Query OK, 0 rows affected (0.04 sec)

mysql> INSERT INTO testtable VALUES (null,'this is utf8.'),(null,'this, too. No
 special
    '> characters used, by the way.');
Query OK, 2 rows affected (0.01 sec)
Records: 2  Duplicates: 0  Warnings: 0

mysql> SELECT * FROM testtable WHERE utf8column LIKE '%too%';
+----+----------------------------------------------------+
| id | utf8column                                         |
+----+----------------------------------------------------+
|  2 | this, too.
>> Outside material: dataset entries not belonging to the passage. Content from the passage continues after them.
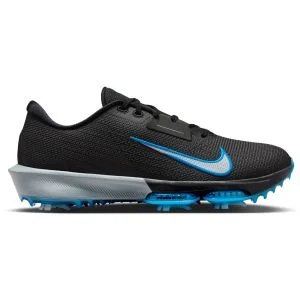  Nike Air Zoom Infinity Tour 2 Golf Shoes Black/Blue Hero/Cool Grey/White Lateral Side View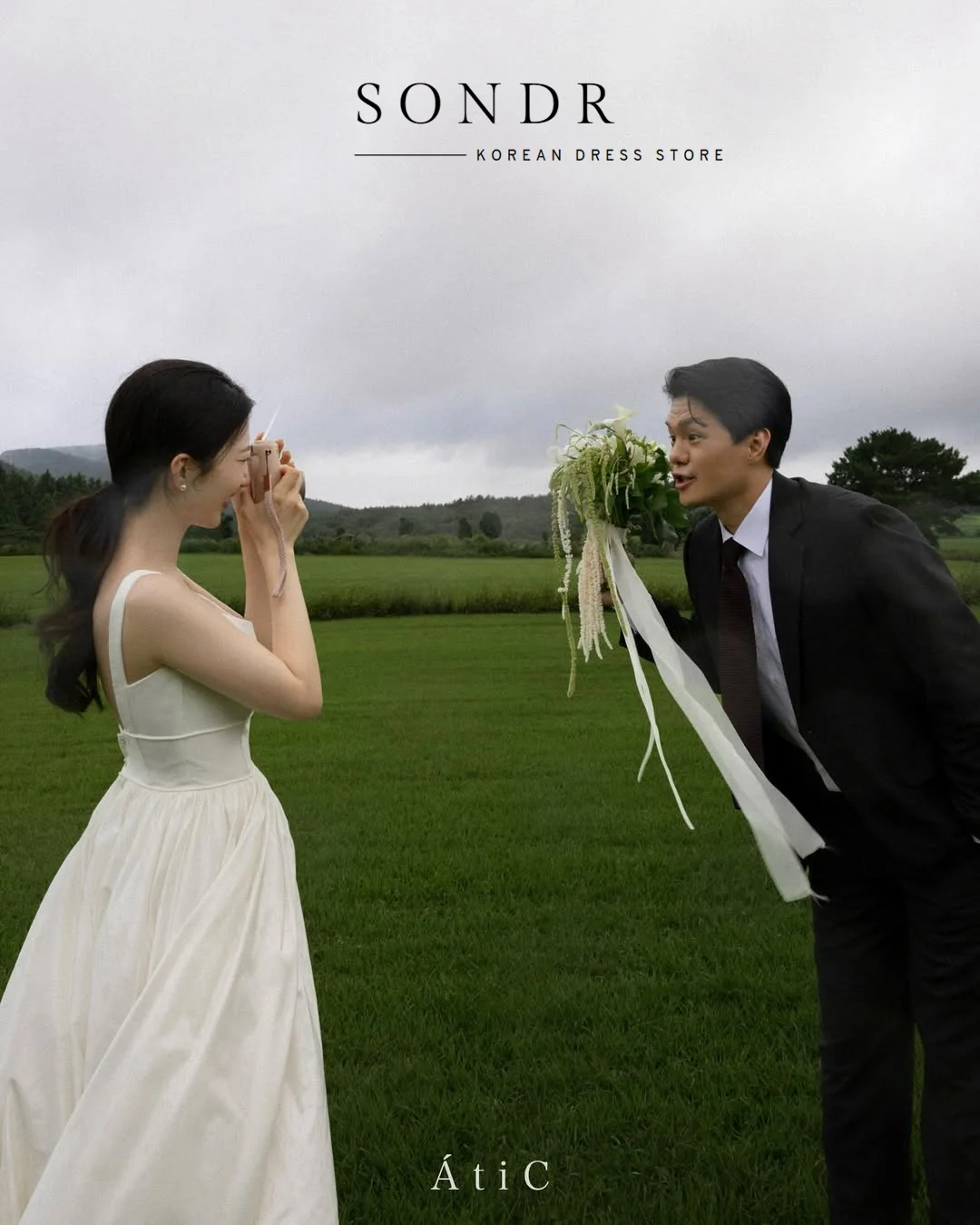 Sondr Customized Simple Korean Wedding Dresses Sleeveless A Line Bridal Evening Party Dress Prom Gown Wedding Snap Wear 2026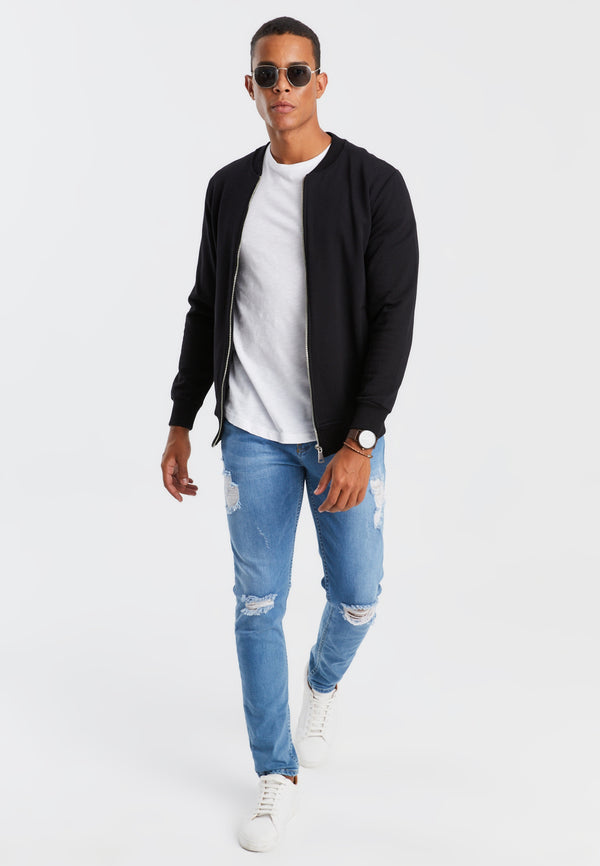 Leif Nelson Sweatjacke mit Stehkragen Jubiläumsangebot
No special
characters used, by the way. |
+----+----------------------------------------------------+
1 row in set (0.02 sec)

mysql> SELECT * FROM testtable WHERE utf8column REGEXP '.*too.*';
+----+----------------------------------------------------+
| id | utf8column                                         |
+----+----------------------------------------------------+
|  2 | this, too. No special
characters used, by the way. |
+----+----------------------------------------------------+
1 row in set (0.01 sec)

mysql> select version();
+--------------+
| version()    |
+--------------+
| 5.0.25-debug |
+--------------+
1 row in set (0.01 sec)

So, please, try to repeat with a newer version (5.0.24, 5.1.11 or 4.1.21), and inform about the results.
[26 Sep 2006 23:00] Bugs System
No feedback was provided for this bug for over a month, so it is
being suspended automatically. If you are able to provide the
information that was originally requested, please do so and change
the status of the bug back to "Open".